We're testing w/ 2.11.1. Python 3.11

  • there's need for a test to reproduce it before any change

Yes the unit tests are the easiest way to do with the changes that are in this branch. Here's what I was describing

#!/usr/bin/env python
# -*- coding: utf-8 -*-
import gc
import json
import pytest
from confluent_kafka import Producer, KafkaError, KafkaException, \
    TopicPartition, libversion
from struct import pack
from time import sleep

from tests.common import TestConsumer


def error_cb(err):
    print('error_cb', err)


class MockHandler:
    def __init__(self, *args, **kwargs):
        self.conf = {
            'debug': 'all',
            'socket.timeout.ms': 10,
            'error_cb': error_cb,
            'message.timeout.ms': 10
        }
        self.producer = Producer(self.conf)

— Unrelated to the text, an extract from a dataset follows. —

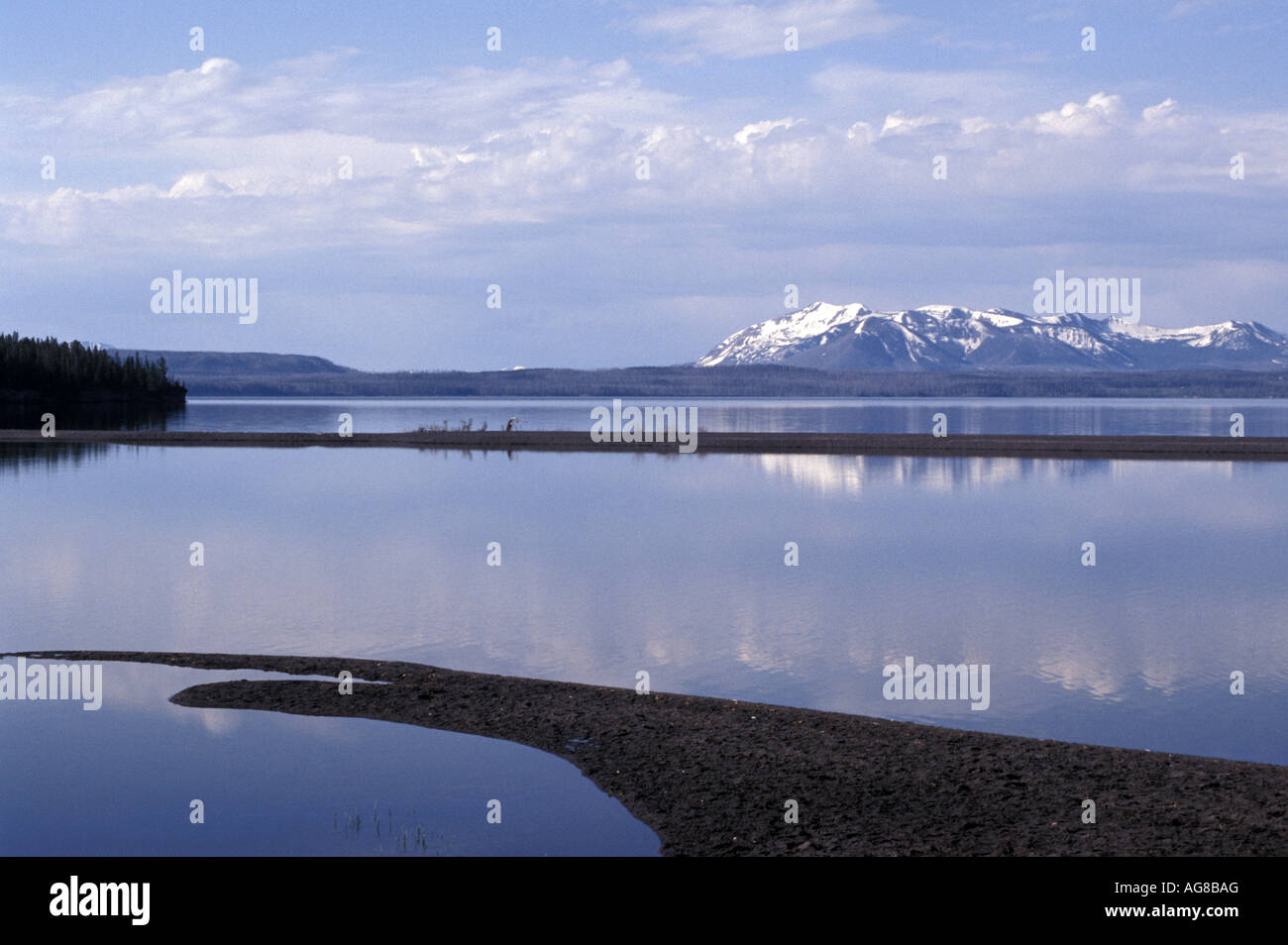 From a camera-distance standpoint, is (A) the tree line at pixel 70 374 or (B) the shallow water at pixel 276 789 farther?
(A) the tree line at pixel 70 374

    def recreate_producer(self, timeout: float) -> bool:
        prior_producer = self.producer
        prior_producer.flush(10)
        destroyed = prior_producer.close(timeout=timeout)
        self.producer = Producer(self.conf)
        return destroyed


def test_basic_api():
    """ Basic API tests, these wont really do anything since there is no
        broker configured. """

    with pytest.raises(TypeError) as ex:
        p = Producer()
    assert ex.match('expected configuration dict')

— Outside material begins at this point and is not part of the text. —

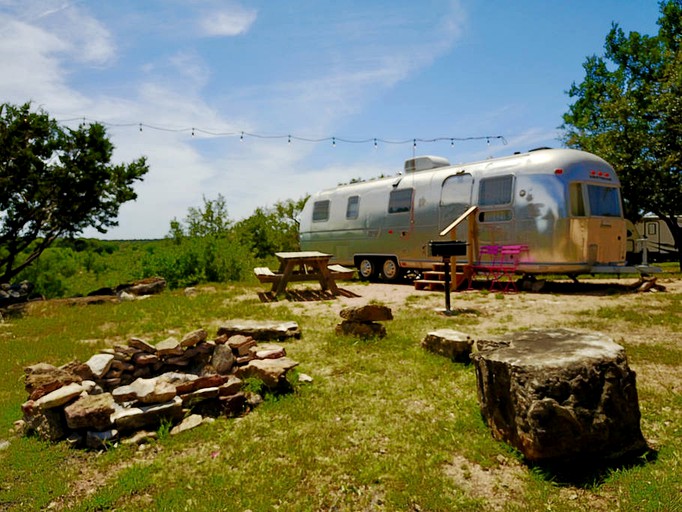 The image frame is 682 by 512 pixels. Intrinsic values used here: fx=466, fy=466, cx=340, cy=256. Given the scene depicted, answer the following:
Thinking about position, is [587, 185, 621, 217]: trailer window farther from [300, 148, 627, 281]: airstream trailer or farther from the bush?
the bush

    p = Producer({'socket.timeout.ms': 10,
                  'error_cb': error_cb,
                  'message.timeout.ms': 10})

    p.produce('mytopic')
    p.produce('mytopic', value='somedata', key='a key')

    def on_delivery(err, msg):
        print('delivery', err, msg)
        # Since there is no broker, produced messages should time out.
        assert err.code() == KafkaError._MSG_TIMED_OUT
        print('message latency', msg.latency())

    p.produce(topic='another_topic', value='testing', partition=9,
              callback=on_delivery)

    p.poll(0.001)

    p.flush(0.002)
    p.flush()

    try:
        p.list_topics(timeout=0.2)
    except KafkaException as e:
        assert e.args[0].code() in (KafkaError._TIMED_OUT, KafkaError._TRANSPORT)

    # assert p.close(), "Failed to validate that producer was closed."


def test_produce_timestamp():
    """ Test produce() with timestamp arg """
    p = Producer({'socket.timeout.ms': 10,
                  'error_cb': error_cb,
                  'message.timeout.ms': 10})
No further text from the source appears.